“Stress Redistribution And Deformation Behavior In Twin Tunnels: A Comparative Analysis Of Intact And Jointed Rock Mass Under Sequential Excavation Condition"

Abstract

This study investigates the stress redistribution and deformation behavior in twin horse-shoe shaped tunnels under sequential excavation conditions, comparing intact and jointed rock masses. Using finite element software RS2, the research evaluates the influence of pillar width-to-diameter ratios (W/D = 0.3, 0.6, 1.2) and in-situ stress conditions (K₀ = 0.5, 1.0, 1.5) on tunnel stability and surrounding rock mass behavior. The analysis incorporated elasto-plastic behavior using the Hoek-Brown failure criterion for rock mass and Barton’s model for jointed rock strength characterization.

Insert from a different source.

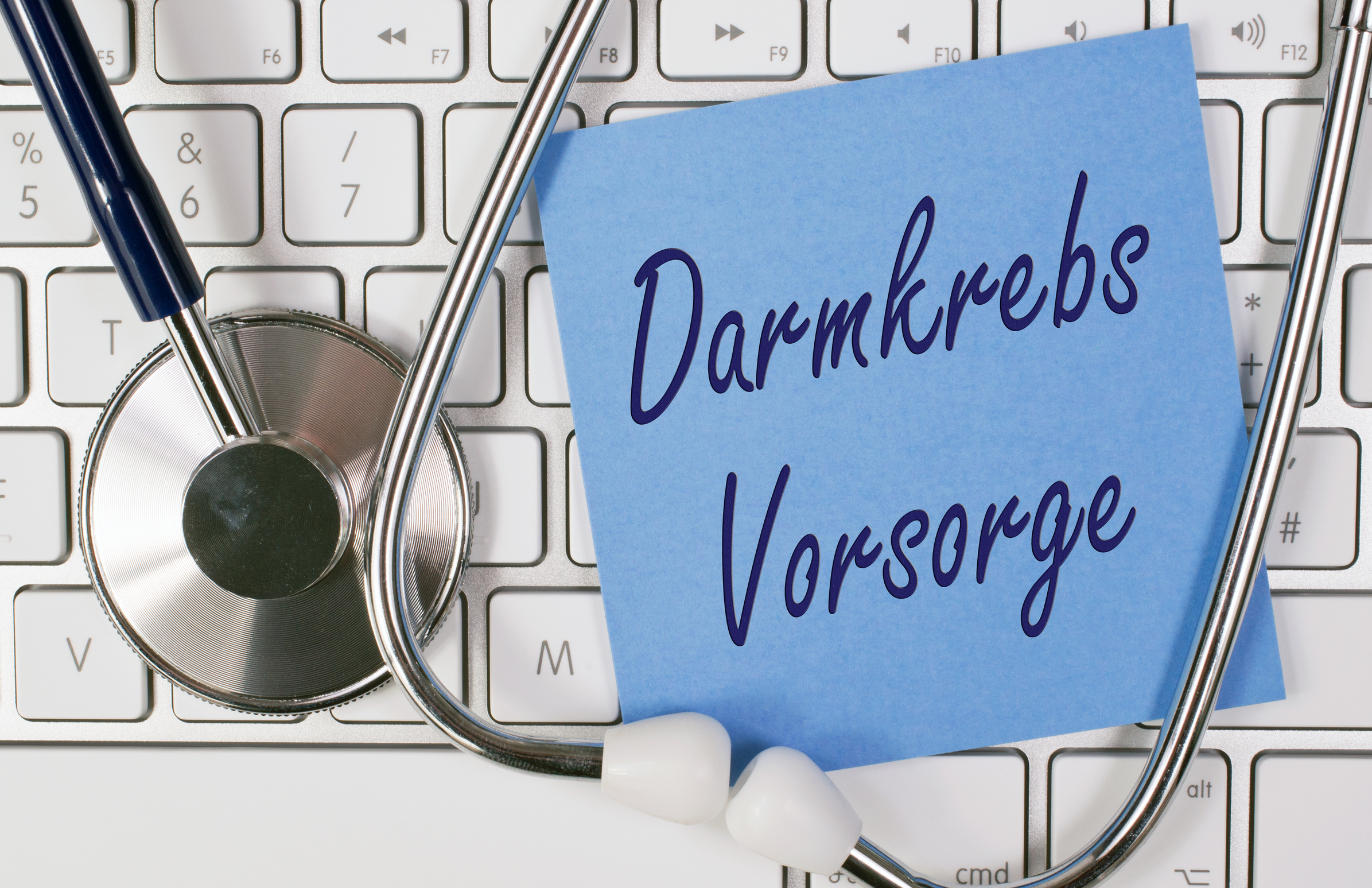 Darmkrebs Vorsorge in Stadthagen, Bückeburg und Bad Nenndorf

Results reveal that lower W/D ratios (0.3) and higher K₀ values (1.5) significantly amplify deformation differences, particularly at critical locations such as the springing level on the pillar side and the center of the pillar zone, where differences exceed 900%. Conversely, higher W/D ratios (1.2) minimized interaction effects and deformation discrepancies. The jointed rock mass exhibits more pronounced deformations compared to intact rock, emphasizing the role of discontinuities in tunnel stability. The findings provide critical insights for optimizing tunnel design and construction practices in challenging geological conditions, ensuring structural integrity and minimizing ground settlements.